Problem -> In this exercise, print only the lines of the records below from the one with "Untitled (Self-Portrait with Clothesline)" through the one with "ОЗУ Netac 8GB", inclusive. Pictures are not part of the copy.
◇ ◇ ◇ ◇ ◇
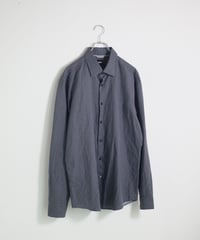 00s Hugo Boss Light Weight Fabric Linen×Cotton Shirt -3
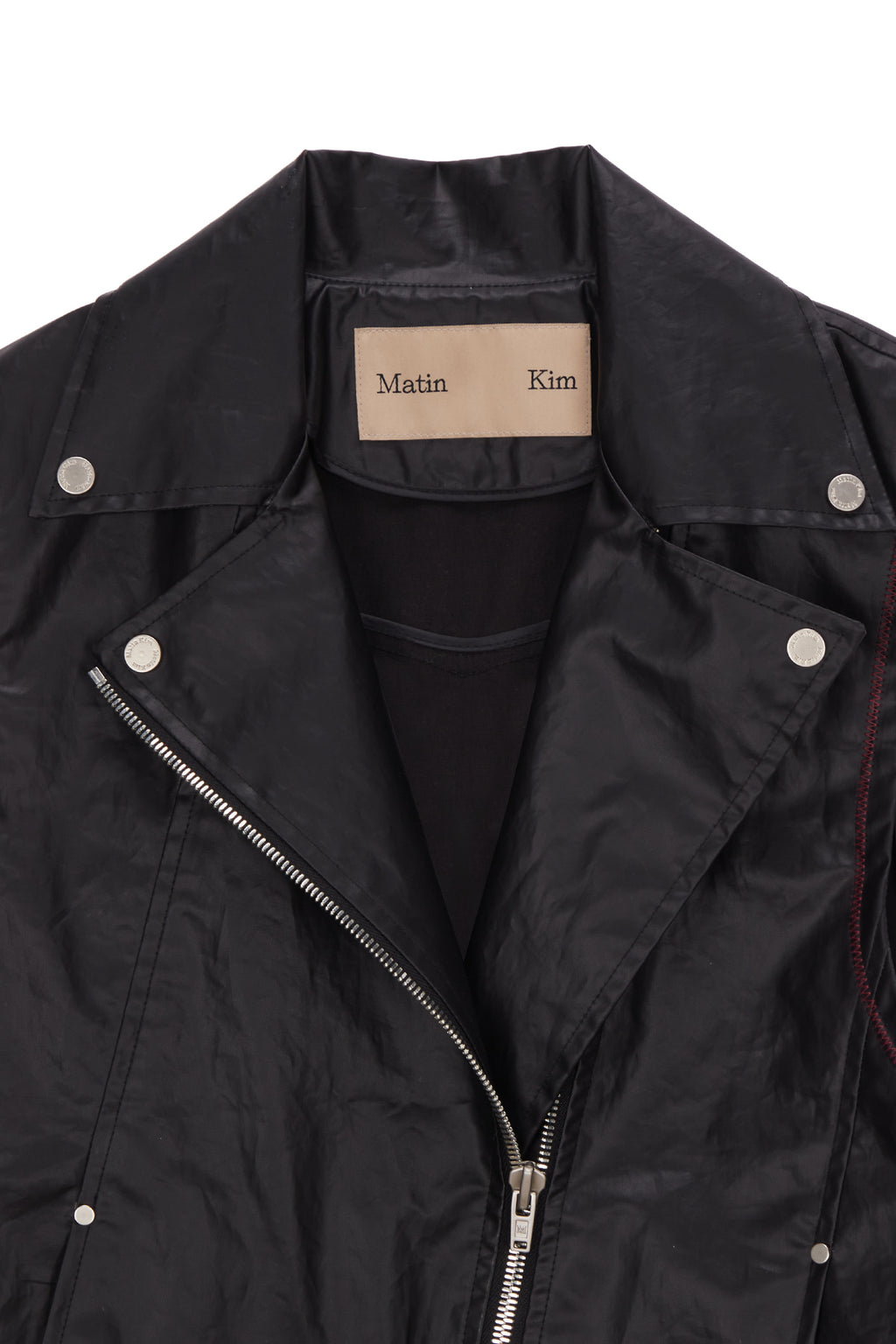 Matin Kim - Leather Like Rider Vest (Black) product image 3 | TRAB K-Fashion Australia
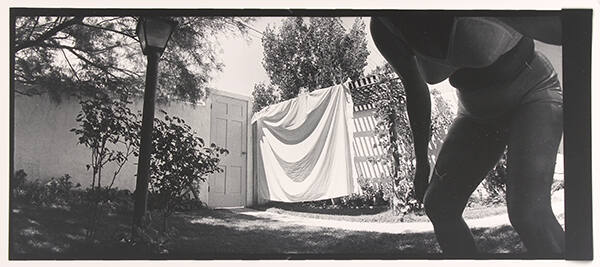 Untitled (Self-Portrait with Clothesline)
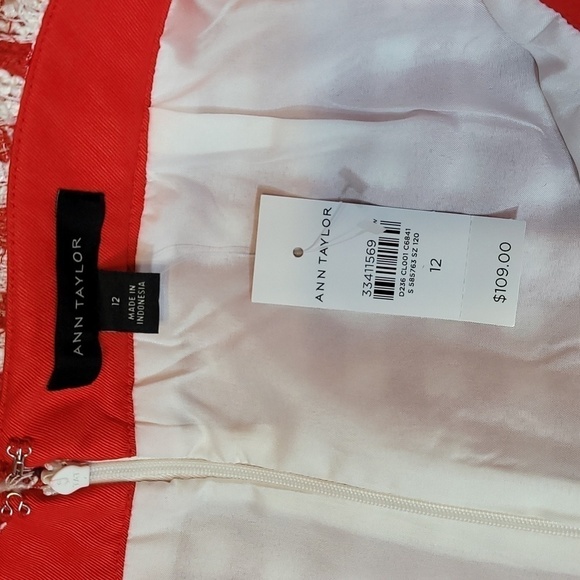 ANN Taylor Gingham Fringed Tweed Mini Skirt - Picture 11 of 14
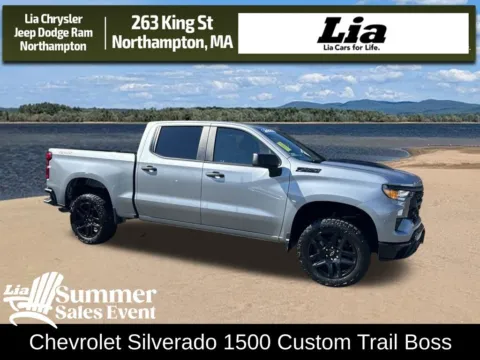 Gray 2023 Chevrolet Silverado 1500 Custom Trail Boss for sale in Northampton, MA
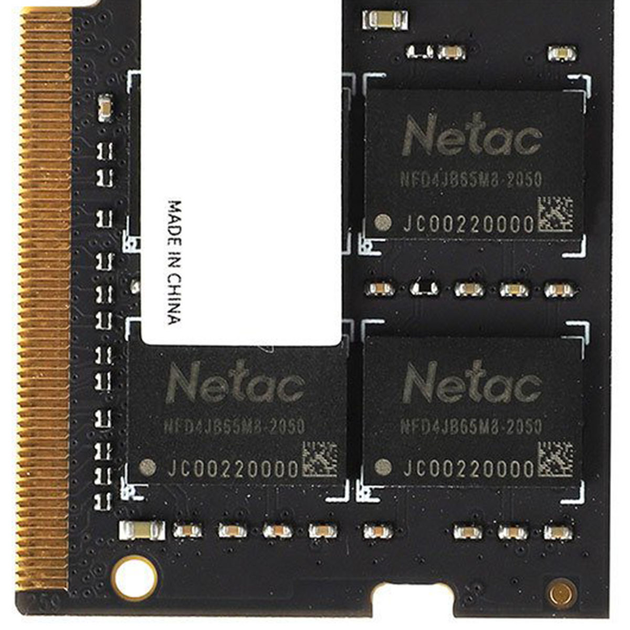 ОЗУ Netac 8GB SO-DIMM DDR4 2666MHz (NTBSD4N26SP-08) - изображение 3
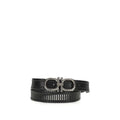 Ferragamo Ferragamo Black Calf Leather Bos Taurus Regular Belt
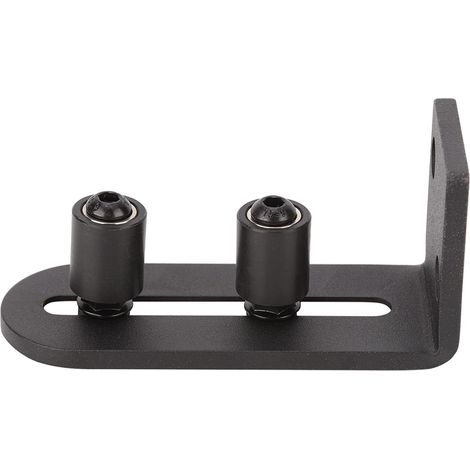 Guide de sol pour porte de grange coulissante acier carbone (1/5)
◇ ◇ ◇ ◇ ◇
Result for this task ->
 Untitled (Self-Portrait with Clothesline)
 ANN Taylor Gingham Fringed Tweed Mini Skirt - Picture 11 of 14
 Gray 2023 Chevrolet Silverado 1500 Custom Trail Boss for sale in Northampton, MA
 ОЗУ Netac 8GB SO-DIMM DDR4 2666MHz (NTBSD4N26SP-08) - изображение 3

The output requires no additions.